BEGIN Records provided
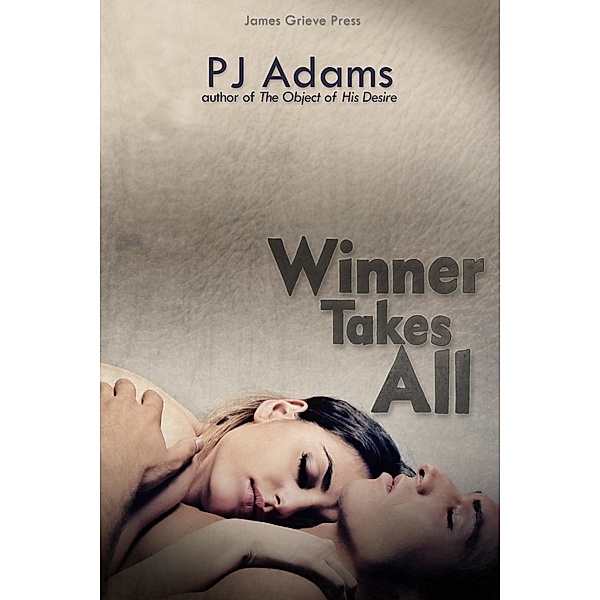 Winner Takes All (A Dangerous Passion) / A Dangerous Passion, Pj Adams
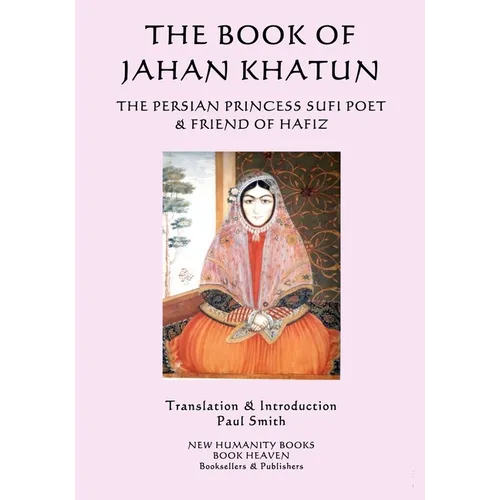 The Book of Jahan Khatun: The Persian Princess Sufi Poet & Friend of Hafiz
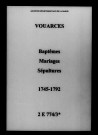 Vouarces. Baptêmes, mariages, sépultures 1745-1792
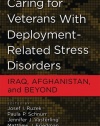 Caring for Veterans With Deployment-Related Stress Disorders: Iraq, Afghanistan, and Beyond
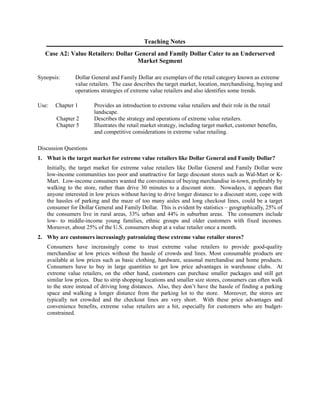 Teaching Notes
Case A2: Value Retailers: Dollar General and Family Dollar Cater to an Underserved
Market Segment
Synopsis: Dollar General and Family Dollar are exemplars of the retail category known as extreme
value retailers. The case describes the target market, location, merchandising, buying and
operations strategies of extreme value retailers and also identifies some trends.
Use: Chapter 1 Provides an introduction to extreme value retailers and their role in the retail
landscape.
Chapter 2 Describes the strategy and operations of extreme value retailers.
Chapter 5 Illustrates the retail market strategy, including target market, customer benefits,
and competitive considerations in extreme value retailing.
Discussion Questions
1. What is the target market for extreme value retailers like Dollar General and Family Dollar?
Initially, the target market for extreme value retailers like Dollar General and Family Dollar were
low-income communities too poor and unattractive for large discount stores such as Wal-Mart or K-
Mart. Low-income consumers wanted the convenience of buying merchandise in-town, preferably by
walking to the store, rather than drive 30 minutes to a discount store. Nowadays, it appears that
anyone interested in low prices without having to drive longer distance to a discount store, cope with
the hassles of parking and the maze of too many aisles and long checkout lines, could be a target
consumer for Dollar General and Family Dollar. This is evident by statistics – geographically, 25% of
the consumers live in rural areas, 33% urban and 44% in suburban areas. The consumers include
low- to middle-income young families, ethnic groups and older customers with fixed incomes.
Moreover, about 25% of the U.S. consumers shop at a value retailer once a month.
2. Why are customers increasingly patronizing these extreme value retailer stores?
Consumers have increasingly come to trust extreme value retailers to provide good-quality
merchandise at low prices without the hassle of crowds and lines. Most consumable products are
available at low prices such as basic clothing, hardware, seasonal merchandise and home products.
Consumers have to buy in large quantities to get low price advantages in warehouse clubs. At
extreme value retailers, on the other hand, customers can purchase smaller packages and still get
similar low prices. Due to strip shopping locations and smaller size stores, consumers can often walk
to the store instead of driving long distances. Also, they don’t have the hassle of finding a parking
space and walking a longer distance from the parking lot to the store. Moreover, the stores are
typically not crowded and the checkout lines are very short. With these price advantages and
convenience benefits, extreme value retailers are a hit, especially for customers who are budget-
constrained.
 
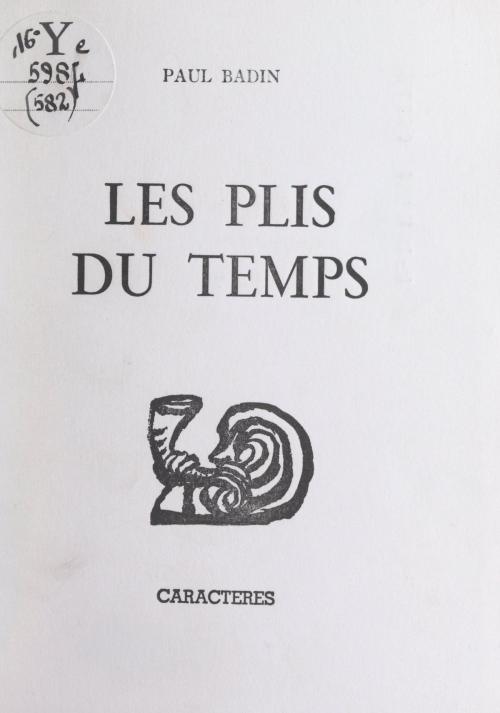 Cover of the book Les plis du temps by Paul Badin, Bruno Durocher, Caractères (réédition numérique FeniXX)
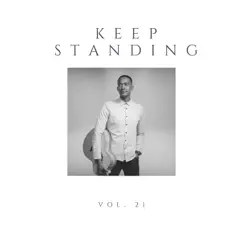 Keep Standing - Single by Tad Worku album reviews, ratings, credits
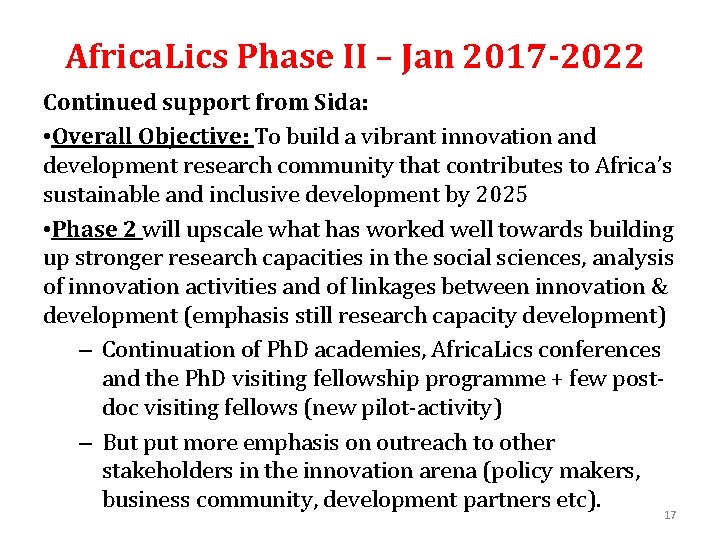 Africa. Lics Phase II – Jan 2017 -2022 Continued support from Sida: • Overall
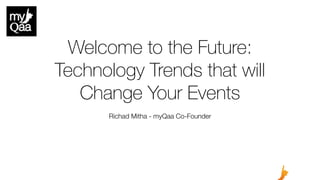 Welcome to the Future:
Technology Trends that will
Change Your Events
Richad Mitha - myQaa Co-Founder
 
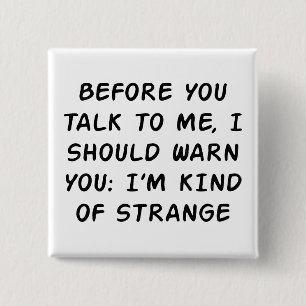 Before You Talk 15 Cm Square Badge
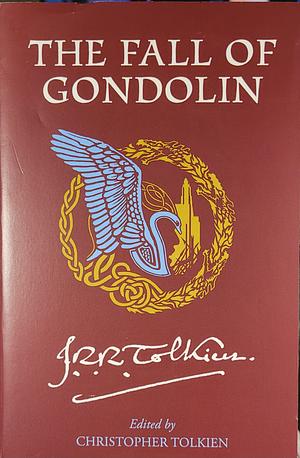 The Fall of Gondolin by J.R.R. Tolkien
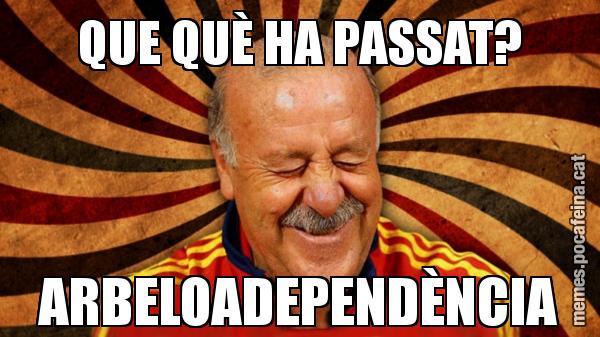 QUE QUÈ HA PASSAT? ARBELOADEPENDÈNCIA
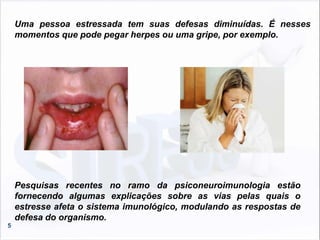 5
Pesquisas recentes no ramo da psiconeuroimunologia estão
fornecendo algumas explicações sobre as vias pelas quais o
estresse afeta o sistema imunológico, modulando as respostas de
defesa do organismo.
Uma pessoa estressada tem suas defesas diminuídas. É nesses
momentos que pode pegar herpes ou uma gripe, por exemplo.
 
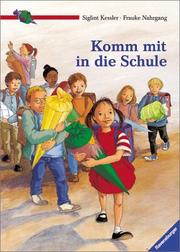 Cover of: Komm mit in die Schule. (Lernmaterialien)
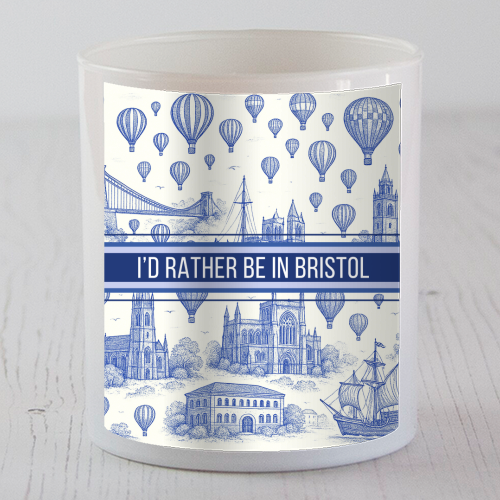 I'd Rather Be In Bristol - scented candle by Lilly Rose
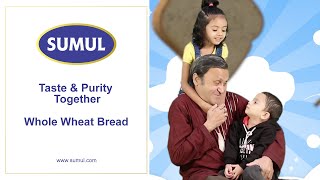 Sumul Whole Wheat Bread  Whole Wheat Bread Pure  Whole Wheat Bread Ad  Bread Ad  Sumal Dairy [upl. by Angelico410]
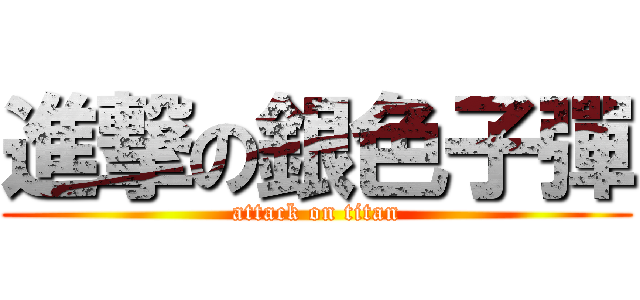 進撃の銀色子彈 (attack on titan)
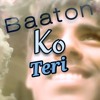 Baaton Ko Teri Hum Bhula Na Sake - Soham Oganiya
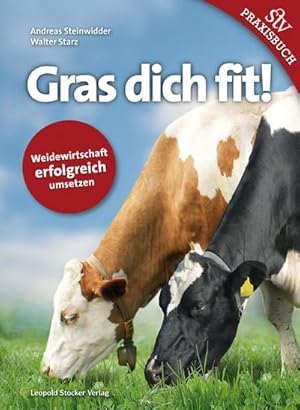 Seller image for Gras dich fit! : Weidewirtschaft erfolgreich umsetzen for sale by AHA-BUCH GmbH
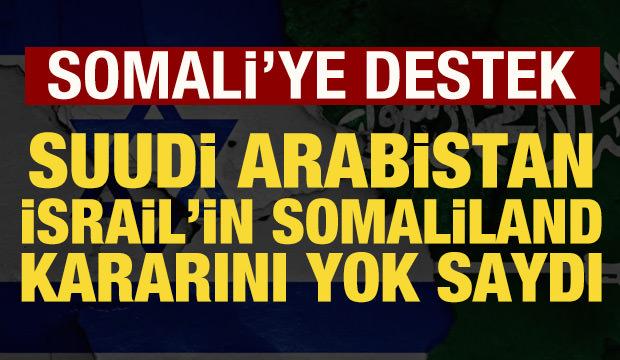 Suudi Arabistan, İsrail'in Somaliland kararını yok saydı
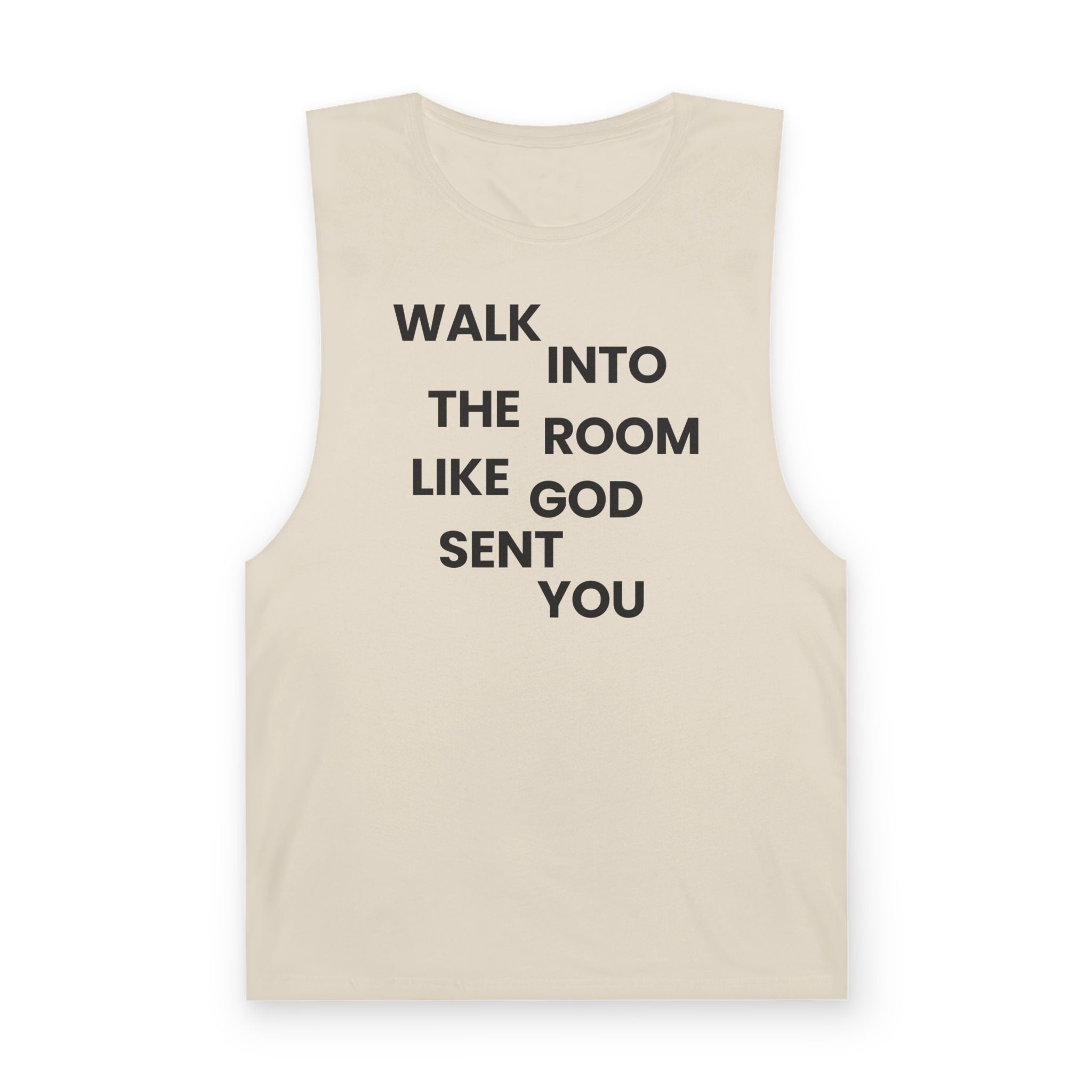 Walk In Like God Sent You - Tank Top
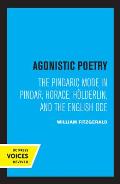Agonistic Poetry: The Pindaric Mode in Pindar, Horace, H?lderlin, and the English Ode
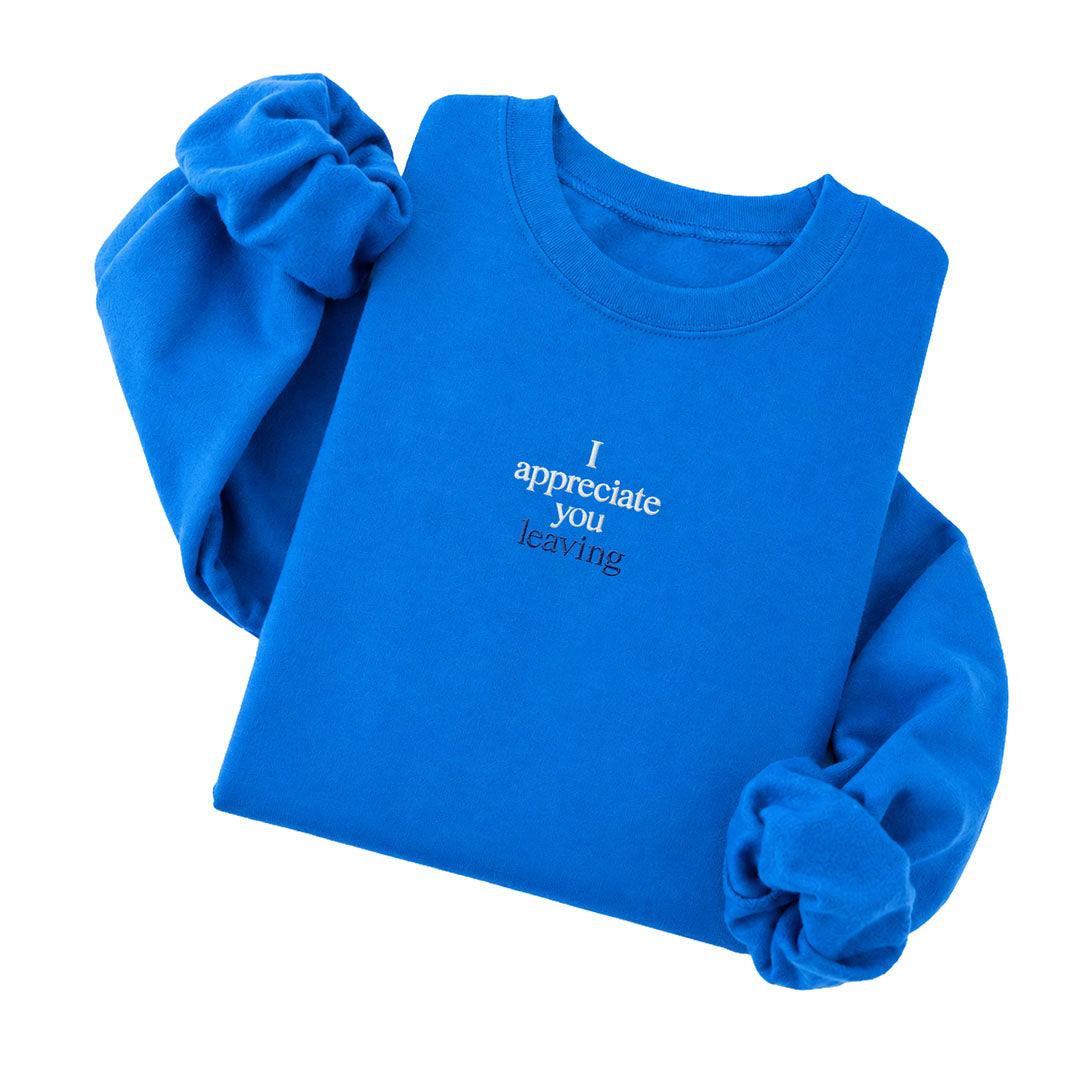 Sapphire crewneck sweatshirt embroidered with I appreciate you in white thread and leaving in tonal thread below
END Records provided
Prompt:
The response must hold only the lines above from the line with "low-income communities too" through the line with "anyone interested in", each copied exactly, both ends kept.

Solution for this problem:
low-income communities too poor and unattractive for large discount stores such as Wal-Mart or K-
Mart. Low-income consumers wanted the convenience of buying merchandise in-town, preferably by
walking to the store, rather than drive 30 minutes to a discount store. Nowadays, it appears that
anyone interested in low prices without having to drive longer distance to a discount store, cope with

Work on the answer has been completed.